Grading
in the art classroom. Touchy subject for some, for others it’s a place where
they as well as their students might protest too much, and for others they have
it down --- but I wonder if they are sharing how they do this grading thing.
Grading. We, in my school district are standards based in our application of
content. We as teachers are given the professional judgment to develop rubrics,
which assess these content standards with in a criteria structure. Currently I
am sitting on a task force, which has the job of creating school wide
assessment guidelines. One of our first tasks in our discussion was to submit a
draft of what might become our school’s Philosophy of Assessment.

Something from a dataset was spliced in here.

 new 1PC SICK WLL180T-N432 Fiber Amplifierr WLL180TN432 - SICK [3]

Here’s what I
came up with – and really if you read my teaching philosophy they are pretty
much the same --- maybe with a few words changed around.

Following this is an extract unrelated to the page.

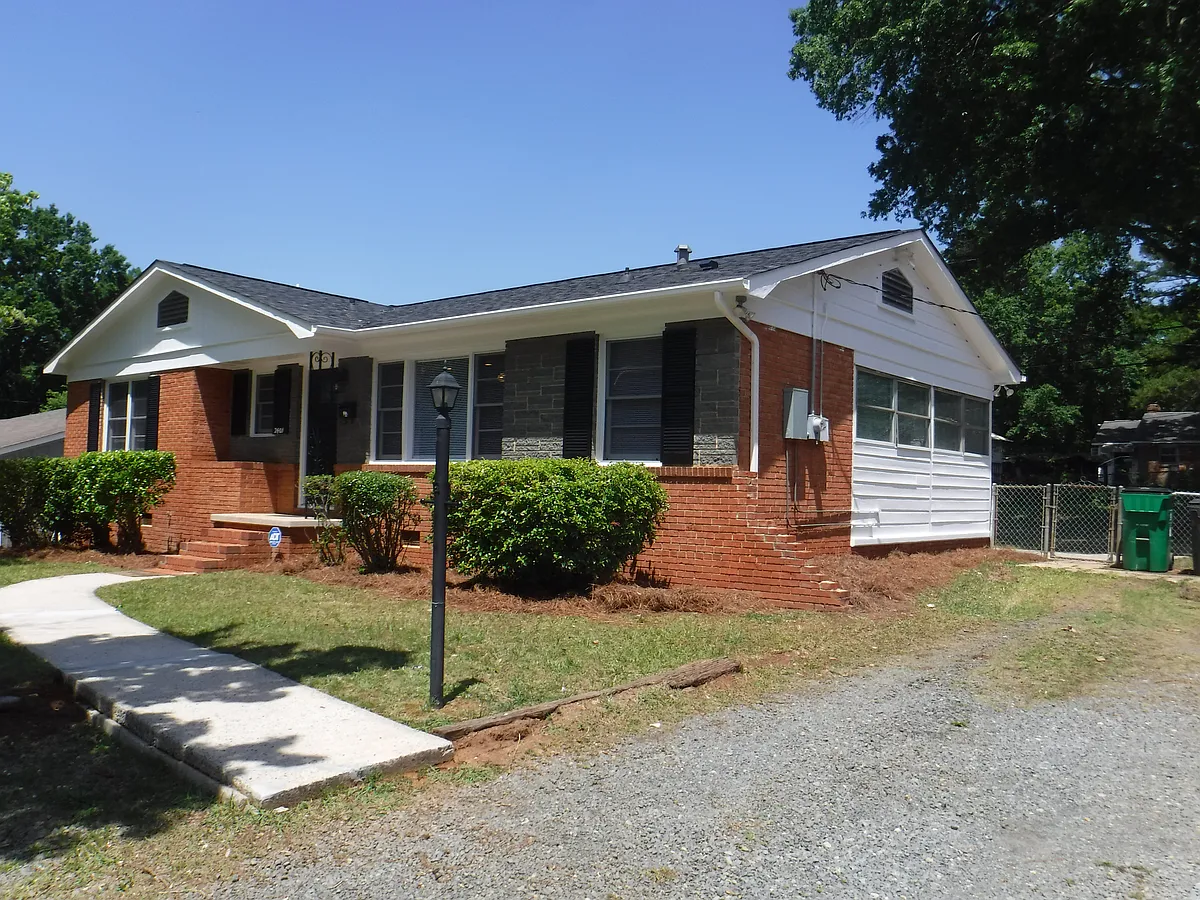Building Photo - 2401 Cartwright Pl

Our Philosophy of Assessment is centered on
communication of skills, works habits and knowledge, which engender a depth of
understanding in content standard area for the student. This assessment practice is anchored to
the beliefs that the classroom operations are: To give the student a variety of
situations, structures and skills sets within which to demonstrate their
knowledge of the content standard; to develop an environment of problem finding
as well as problem solving through the learned skill of critical thinking. The
practice of transferring as well as applying understanding of the content
standard through a clear grasp of the content standard knowledge is the taproot
for all other activities in the classroom.
The students are given assignments, exercises,
and skill sets to facilitate the development of their content
standard vocabulary to the extent, which it is fluidly and confidently
articulated through a given format as well as across disciplines. Assessments
are created to further the students’ content standard knowledge, application
and critical thinking depth to the place of mastery within the content
standard.
The idea
of standards based learning is that all children will reach proficient and then
move on to mastery. Good. This is what we want right? And standards based grading is not a list of behavior descriptors that are in place to
manage and control the art classroom but there are work habits that are
criteria for application and process. I am all for standards based grading. It is a scary for some because
it is no longer about the teacher creating the project descriptors which are heavy on the behavior of the student and light on the skill development and application of the content. Rubrics
become too elaborate in how meaning is to span so many areas.
Guess I've just played the grading game too long, but I don't ponder it all too deeply anymore. Hurts my head and makes it go all squishy.